New team for SIngapore film fest

New team for SIngapore film fest

Two former directors of the Singapore International Film Festival will return to helm the 25th edition this year.

Ms Yuni Hadi, who would be leading the festival as announced last December, will take the role of executive director. Her co-festival director in 2009, Mr Zhang Wenjie, will return as festival director and take charge of programming.

This was among the announcements made at the Hong Kong International Film & TV Market (Filmart) on Monday as the Singapore International Film Festival, rebranded as SGIFF, named its new executive team.

The event has not been held since 2011 due to financial and personnel woes.

Previously known as SIFF, it will run from Dec 4 to 14 under the umbrella event, Singapore Media Festival, alongside ScreenSingapore, the Asia Television Forum and Market and the Asian Television Awards.

The trade events ScreenSingapore and the Asia Television Forum and Market were held together for the second time last year and attendance increased by 10 per cent from 2012 with 1,179 companies from over 60 countries participating.

The festival's Silver Screen Awards will also be brought back and it will be for Asian feature films and South-east Asian and Singapore short films.

Ms Yuni, 37, and Mr Zhang, 38, learnt from their 2009 experience that having just the two of them run the festival was "not the best way to work".

He tells Life!: "We did that because at that time, we did not have the right resources. But we feel that to have a good team in place is really essential to building a good festival."

Ms Karen Wai, 29, co-founder of indie bookstore BooksActually, has been brought in as marketing manager. One idea is to get filmgoers to reflect on what films mean to them, bringing a more "lifestyle angle" to movie-watching.

The festival board has expanded from three to 10 members and is headed by chief executive officer of Infinite Studios Mike Wiluan, and also includes actress and Nominated Member of Parliament Janice Koh and chief executive officer of Singapore International Arts Festival Lee Chor Lin.

The festival will be setting up an International Advisory Board led by Singapore film-maker Eric Khoo.

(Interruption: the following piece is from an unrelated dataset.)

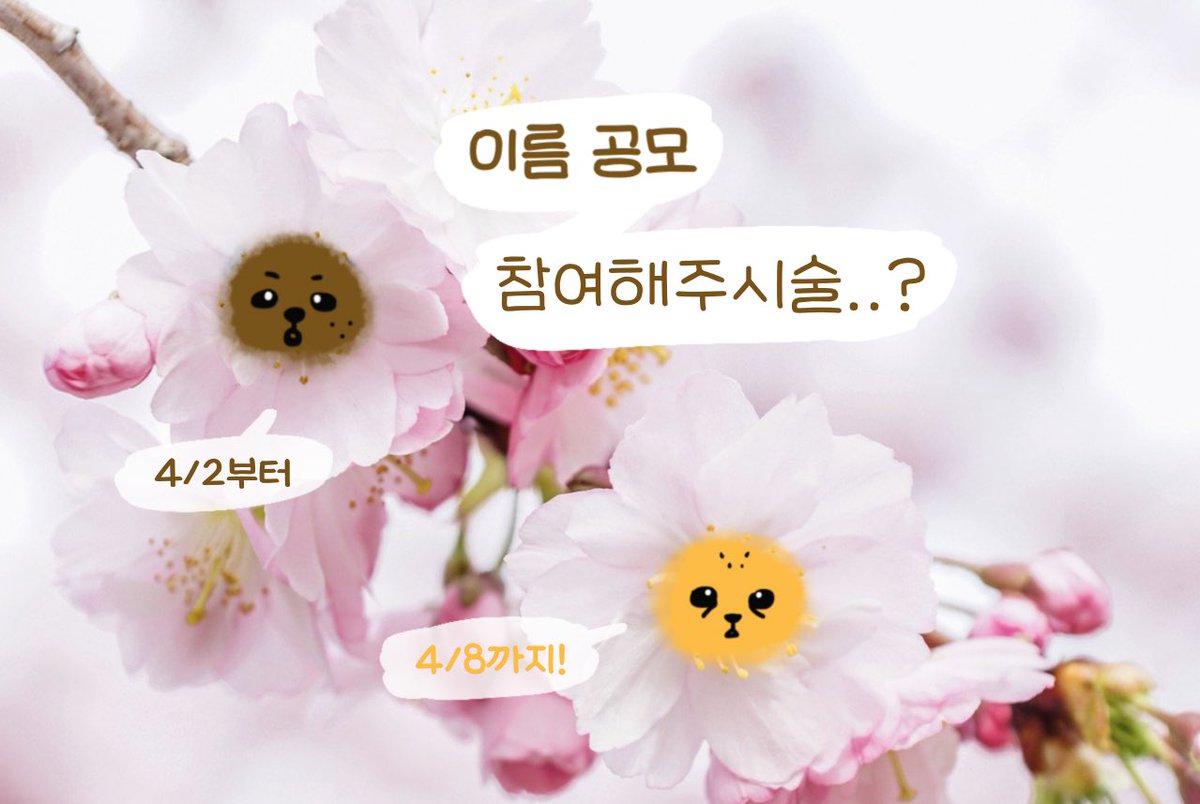 토마동&수바크 tweet media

On the upcoming edition, Mr Zhang says: "It has always been a festival for the discovery of Asian films and a festival that pays attention to films from the region and we'll keep that in place."

He was head of the National Museum of Singapore's film department, Cinematheque, from 2005 to 2008, and from 2009 to early this year. There, he programmed major retrospectives such as In His Time: The Films Of Edward Yang and Majulah! The Film Music Of Zubir Said.

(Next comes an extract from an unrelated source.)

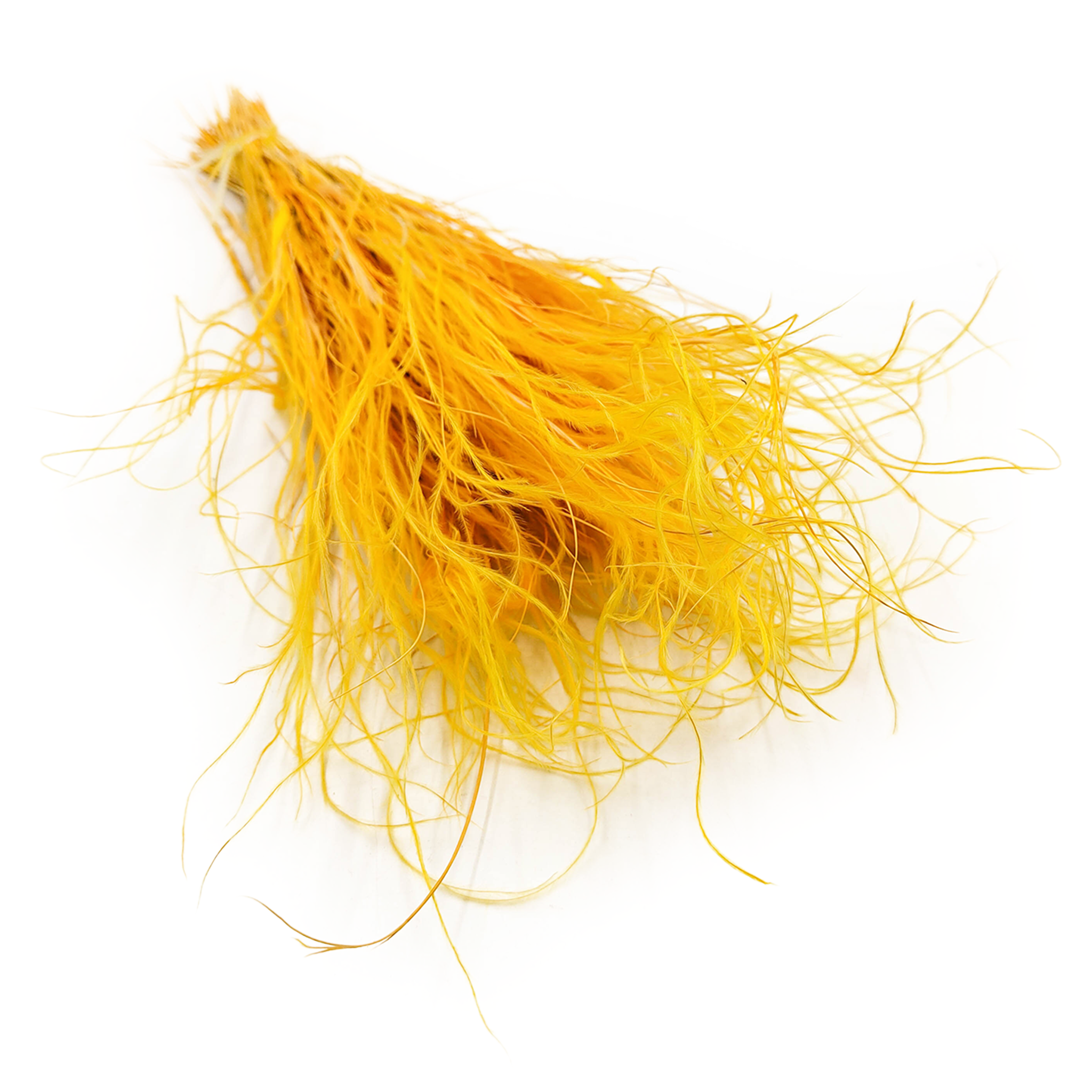 Getrockneter Stipa - Stipa Pennata - Ingwer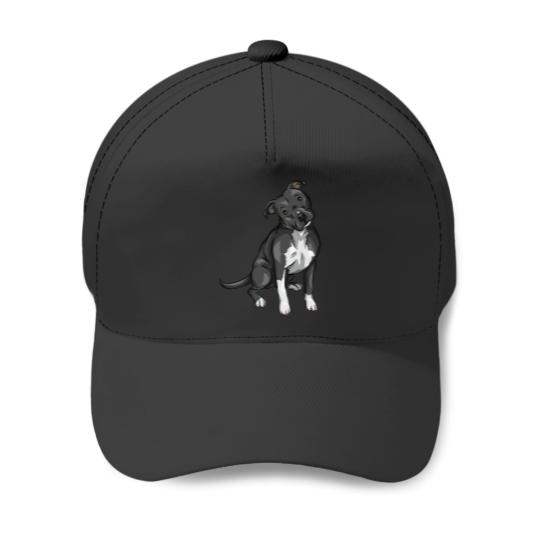 Discover American Pitbull Terrier Dog | Black and White - Pitbull - Baseball Caps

The rebranded festival wants to champion new film- makers in the region, he adds. "We want to start building the relationship with film-makers at the beginning of their film-making life and there'll be an emphasis on short films."

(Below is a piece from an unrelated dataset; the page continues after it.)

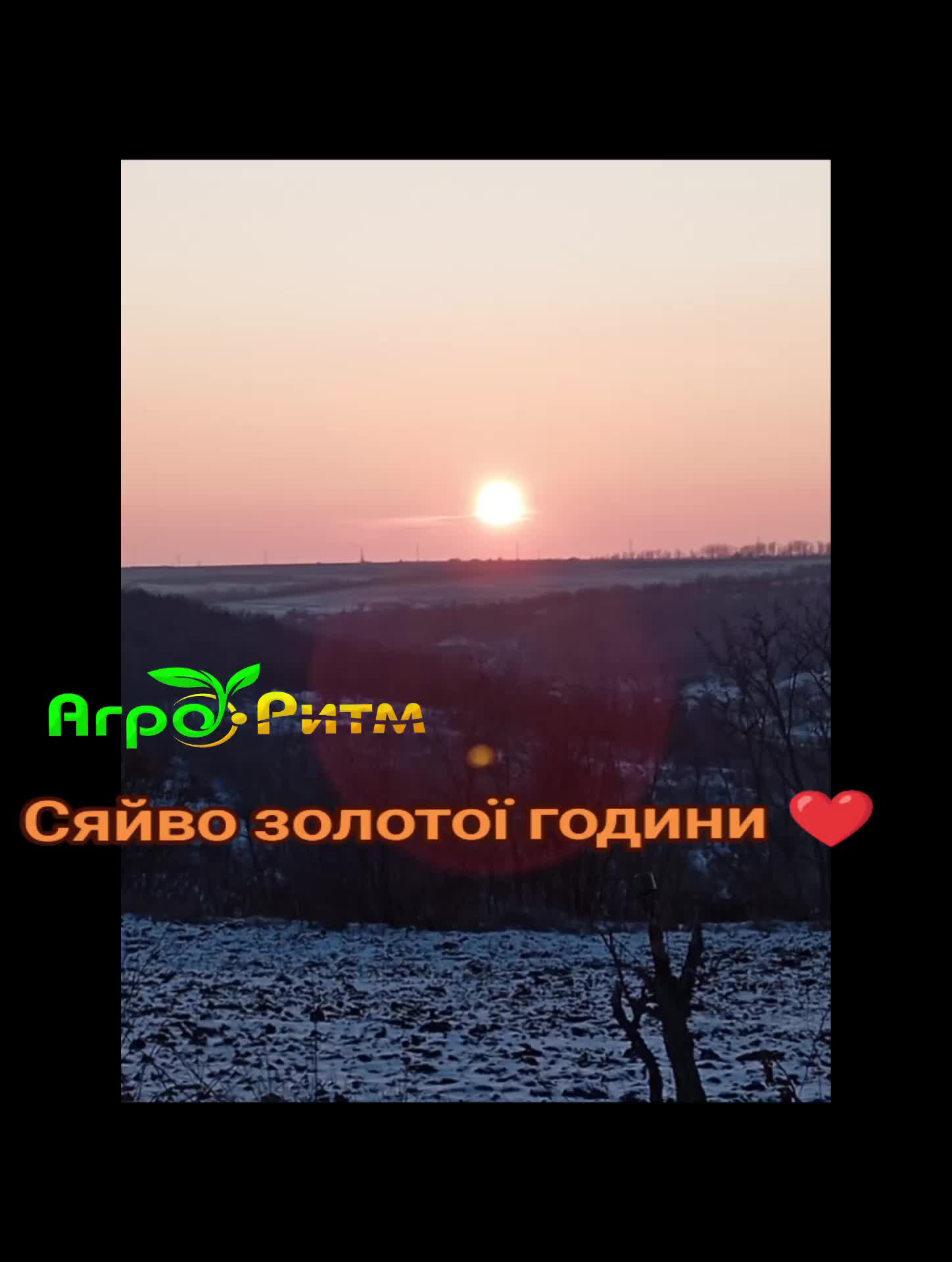 @Анна Плешко 🌻🌽АГРО-РИТМ 🌽🌻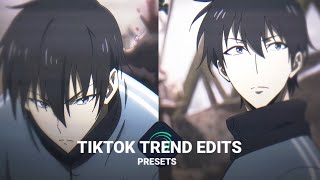 Top 3 Tiktok Trend Edits Presets 3  XML [upl. by Eniamart750]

The short films section of the Silver Screen Awards will be expanded to include South-east Asian short films.

Ms Yuni, producer of award-winning drama Ilo Ilo (2013), says: "We used to be the launching pad for South-east Asian emerging talents and this is something we'd like to invest in."

This fits in with the goal of regaining the festival's status in the international arena. Mr Zhang says the Singapore International Film Festival has always played a role in the international film festival landscape as the one to catch new Asian films at.

Ms Yuni says they are adding to a legacy built up over 20 years of the festival "creating an audience with an appetite for arthouse cinema and building a generation of people who have become independent distributors of these films in Singapore and making them more accessible".

The team is looking at a "more compact" programme of 70 to 80 feature film titles for the festival. It used to screen as many as about 200 films.

Mr Zhang's previous experience at the museum will come in useful. "What I've learnt is to look beyond just the film and to also look at the cultural context of the film. That is something I can bring to the festival and this will encourage a more meaningful experience of a film as opposed to watching something because it won some award."

While the festival is the most visible aspect of the new team's work, Mr Zhang sees it as more than that. He says: "We are building an institution and to build one that lasts, it starts with a strong team. It is an institution that operates the whole year round."